Many people are under the mistaken impression that a line of credit is the same as a standard loan. However, that's not true. They are two distinct ways you can borrow money for yourself or your company.
Standard Loans – These involve the typical loans - auto loans, mortgages, personal loans and student loans
Line of Credit – large sum of money that’s extended to you for a period of time via a sporadic steady installment. These are typically seen with businesses or home equity. The funds of a line of credit can be used over and over after money has been paid back. While some lines of credit have an end date, most don’t.
There are a plethora of basic differences between the two. Your standard loan covers high-ticket products such as car and houses. They tend to be secured against the asset. With a line of credit, you have high-interest rates and make reduced minimum payment amounts. The impact on the credit report and scores is immediate.
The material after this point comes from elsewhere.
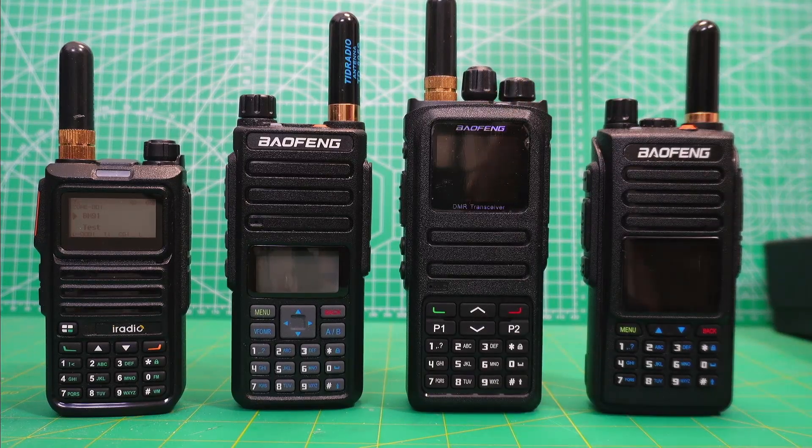The 1701 is good too if you install the OpenGD77 firmware. And the 1702, I'm still learning about it, so I don't want to make any decision about that just yet.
On top of that, the closing cost for lines of credit loans are much higher.
There are two key differences between the two methods:
When a lender approves you for a loan, you get the whole amount immediately, and the interest on the money starts building. When you’re approved for a line of credit, you can borrow to a certain amount immediately but don’t get any money. The interest builds up when you’ve made a purchase with the credit line.
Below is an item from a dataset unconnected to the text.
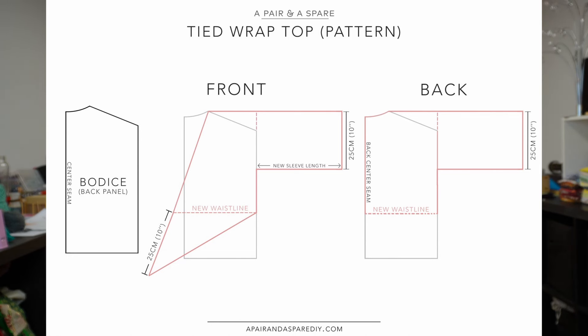Last up, I wasn't sure whether to include this because it's not a printable pattern, but I think there are a lot of people out there who are more competent than I am and might be fine with creating their own patterns. This is the DIY Tied Linen Wrap Top by Collective Gen — you truly create your own. You take a loose-fitting shirt, trace around the back bodice panel, then shorten it to find a new waistline since wrap tops have a higher waistline. She's got a couple of diagrams on how to do this yourself and it doesn't look that difficult.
Many lenders want to know what your purpose for the loan is. For instance, you want a college degree, so you’re provided with a student loan. You want to buy a home, which means the bank provides you with a mortgage. There is no reason for lines of credit. You can make any kind of purchase you want with it, and you don’t need a lender’s approval.
When it comes to loans and lines of credit, it’s much easier to borrow on a line of credit. Payments are often more flexible since the purchase dates and amounts vary. The uncertainty that comes with a line of credit means a higher interest rate. It’s almost impossible to attain an unsecured line of credit for a considerable amount.
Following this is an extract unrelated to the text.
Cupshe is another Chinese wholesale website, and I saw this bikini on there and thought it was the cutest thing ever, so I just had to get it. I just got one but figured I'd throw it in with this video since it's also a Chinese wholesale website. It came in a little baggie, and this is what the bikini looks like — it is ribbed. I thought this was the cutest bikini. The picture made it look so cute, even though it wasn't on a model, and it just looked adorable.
How do they differ from credit cards then? While they act similar to each other, they’re not the same. Lines of credit are securable with tangible assets – home, car, etc. Credit cards come with a minimum monthly amount that’s based on the balances of the card. Lines of credit don’t always have requirements for monthly payments.
Some people will use a personal installment loan to pay their lines of credit off to boost their credit score. By doing this, you can really improve your credit file.